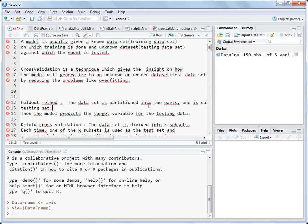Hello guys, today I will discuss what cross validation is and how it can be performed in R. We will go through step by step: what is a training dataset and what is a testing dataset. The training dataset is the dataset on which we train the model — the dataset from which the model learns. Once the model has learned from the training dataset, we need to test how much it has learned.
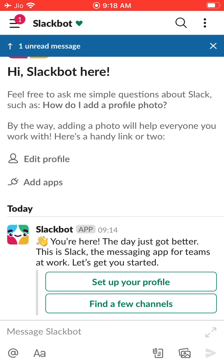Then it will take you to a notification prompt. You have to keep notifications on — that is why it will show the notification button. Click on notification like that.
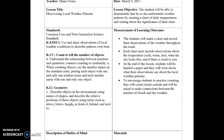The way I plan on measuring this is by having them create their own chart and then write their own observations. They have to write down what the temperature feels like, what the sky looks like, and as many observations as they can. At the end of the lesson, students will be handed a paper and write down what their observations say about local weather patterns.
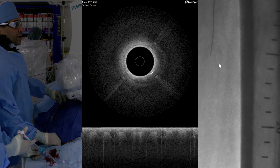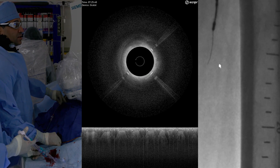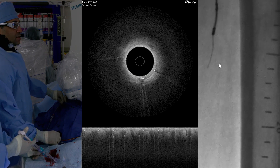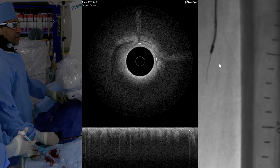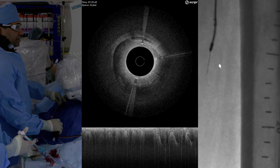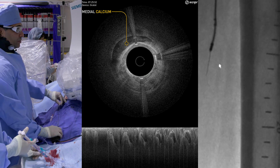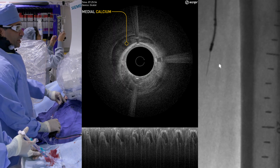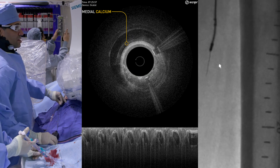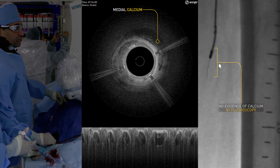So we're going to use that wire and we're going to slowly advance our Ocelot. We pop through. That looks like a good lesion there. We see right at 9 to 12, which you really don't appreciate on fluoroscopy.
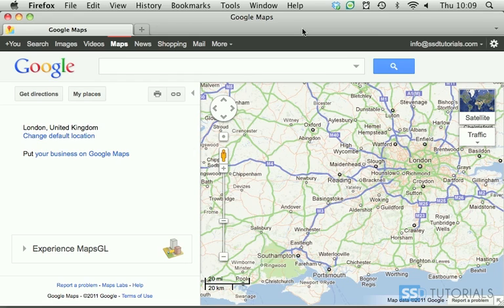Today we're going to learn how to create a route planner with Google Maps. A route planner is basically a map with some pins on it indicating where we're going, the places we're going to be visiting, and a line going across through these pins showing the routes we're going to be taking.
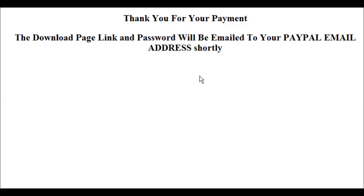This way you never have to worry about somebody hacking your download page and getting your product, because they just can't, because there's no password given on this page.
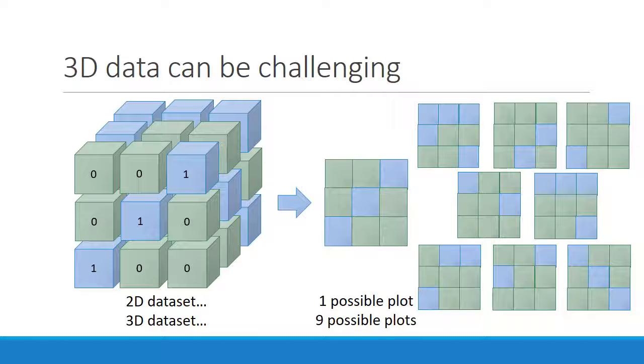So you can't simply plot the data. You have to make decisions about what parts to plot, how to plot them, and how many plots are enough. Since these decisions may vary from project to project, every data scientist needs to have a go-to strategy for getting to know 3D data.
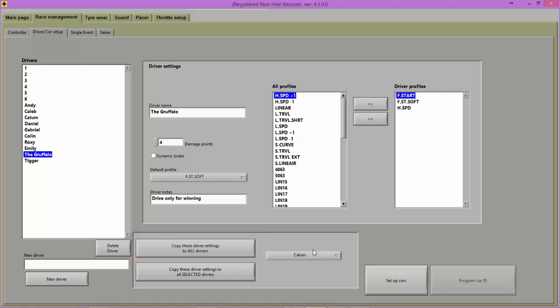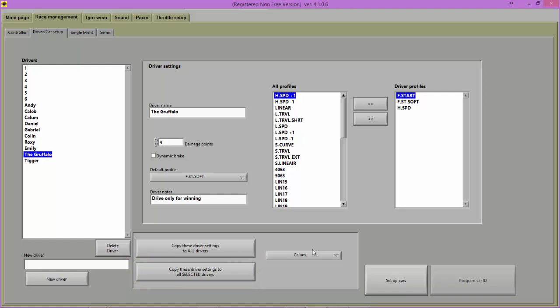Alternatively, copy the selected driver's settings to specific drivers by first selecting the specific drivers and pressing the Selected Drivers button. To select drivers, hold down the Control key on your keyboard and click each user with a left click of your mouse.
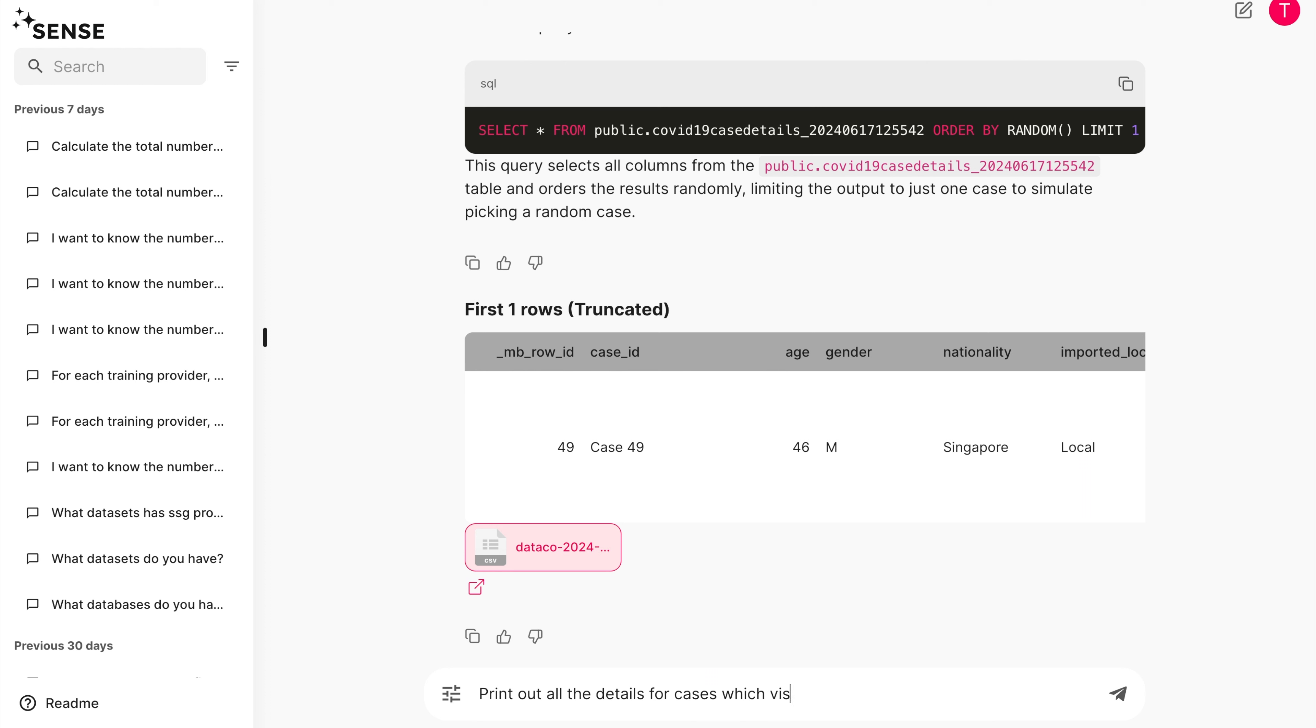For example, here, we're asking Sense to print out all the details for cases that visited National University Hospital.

————

### WHAT YOU HAVE TO DO
Pictures stay out; everything else in the listing above is to be repeated exactly.

### ANSWER TO THIS TASK
Hello guys, today I will discuss what cross validation is and how it can be performed in R. We will go through step by step: what is a training dataset and what is a testing dataset. The training dataset is the dataset on which we train the model — the dataset from which the model learns. Once the model has learned from the training dataset, we need to test how much it has learned.
Then it will take you to a notification prompt. You have to keep notifications on — that is why it will show the notification button. Click on notification like that.
The way I plan on measuring this is by having them create their own chart and then write their own observations. They have to write down what the temperature feels like, what the sky looks like, and as many observations as they can. At the end of the lesson, students will be handed a paper and write down what their observations say about local weather patterns.
So we're going to use that wire and we're going to slowly advance our Ocelot. We pop through. That looks like a good lesion there. We see right at 9 to 12, which you really don't appreciate on fluoroscopy.
Today we're going to learn how to create a route planner with Google Maps. A route planner is basically a map with some pins on it indicating where we're going, the places we're going to be visiting, and a line going across through these pins showing the routes we're going to be taking.
This way you never have to worry about somebody hacking your download page and getting your product, because they just can't, because there's no password given on this page.
So you can't simply plot the data. You have to make decisions about what parts to plot, how to plot them, and how many plots are enough. Since these decisions may vary from project to project, every data scientist needs to have a go-to strategy for getting to know 3D data.
Alternatively, copy the selected driver's settings to specific drivers by first selecting the specific drivers and pressing the Selected Drivers button. To select drivers, hold down the Control key on your keyboard and click each user with a left click of your mouse.
For example, here, we're asking Sense to print out all the details for cases that visited National University Hospital.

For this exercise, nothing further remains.